Get a couple of female convicts, they're probably the single most under rated cichlid that people often overlook because they're commonly "entry level" fish since they're so easy to take care of. Their coloring is beatiful, they have a ton of personality and greet me every morning by swimming at the front of the glass staring at me hoping to be fed. Add 5 or 6 tiger barbs as dither fish really seem to make convicts more active and you've got a visually pleasing tank with alot of interesting stuff to look at.


----------



## 14_blast (Oct 6, 2003)

Why not shell dwellers?

http://www.piranha-fury.com/forum/pfury/in...showtopic=57940


----------



## zygapophysis (Jul 16, 2004)

c an i get both male and female convicts, i know they will breed, but i can use e for p food then, how coan i tell the difference in a male and female


----------



## elTwitcho (Jun 22, 2004)

Females have orange/pink on their bellies, males do not.

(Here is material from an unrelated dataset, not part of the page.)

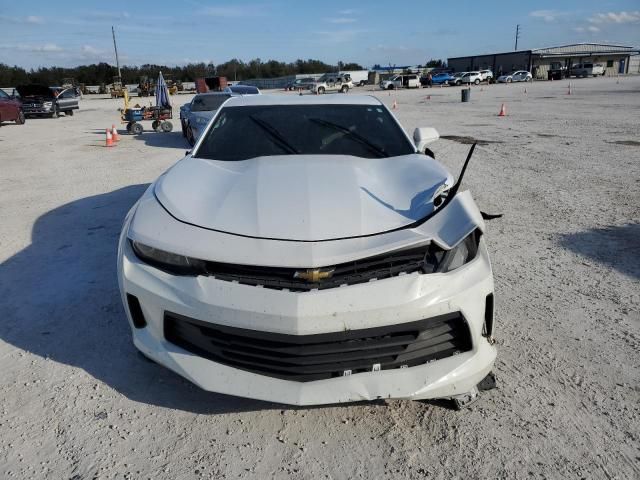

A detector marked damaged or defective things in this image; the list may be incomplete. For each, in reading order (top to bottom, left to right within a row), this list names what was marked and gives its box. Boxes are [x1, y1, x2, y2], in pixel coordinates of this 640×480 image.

crumpled fender panel [125, 186, 484, 270]
broken headlight [131, 239, 206, 274]
broken headlight [422, 230, 478, 274]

Sure you can get a breeding pair, it's most likely very interesting to watch as well. At that point however you have to worry about any other fish in the tank as they tend to beat the sh*t out of everything once they breed.


----------



## carisma02uk (Aug 1, 2004)

milawis are good nice variation


----------



## zygapophysis (Jul 16, 2004)

elTwitcho said:


> Females have orange/pink on their bellies, males do not.
> 
> Sure you can get a breeding pair, it's most likely very interesting to watch as well. At that point however you have to worry about any other fish in the tank as they tend to beat the sh*t out of everything once they breed.

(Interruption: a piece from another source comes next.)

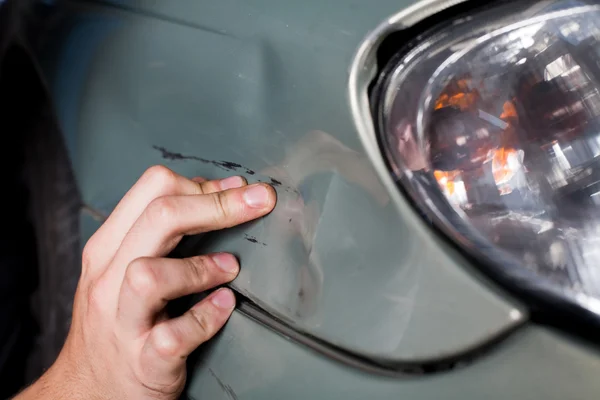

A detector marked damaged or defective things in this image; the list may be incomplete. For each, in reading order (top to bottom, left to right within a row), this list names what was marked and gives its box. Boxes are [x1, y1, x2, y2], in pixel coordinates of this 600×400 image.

 well id just have them alone, today at petsmart i saw black convicts, it didnt say if they were male or female, they werel ike dark grayish/black with stripes kind of, are these what you are talking about, iv noticed my petsmart has gotton a whole section of cichlids lately, they have some cool ones


----------



## elTwitcho (Jun 22, 2004)

Those are the same convicts, look for some with pink coloration on their stomach and you know they're female.

This is one of my females


----------



## zygapophysis (Jul 16, 2004)

ok thanks, so if i take some of the black ones and mix with the ones withthe pink bellys they will propaly mate, thanks for the help, ill keep lookin


----------



## shutter13 (Jun 23, 2004)

pair of cons would be awesome







.... then u can see what they do to a goldfish while breeding :laugh:


----------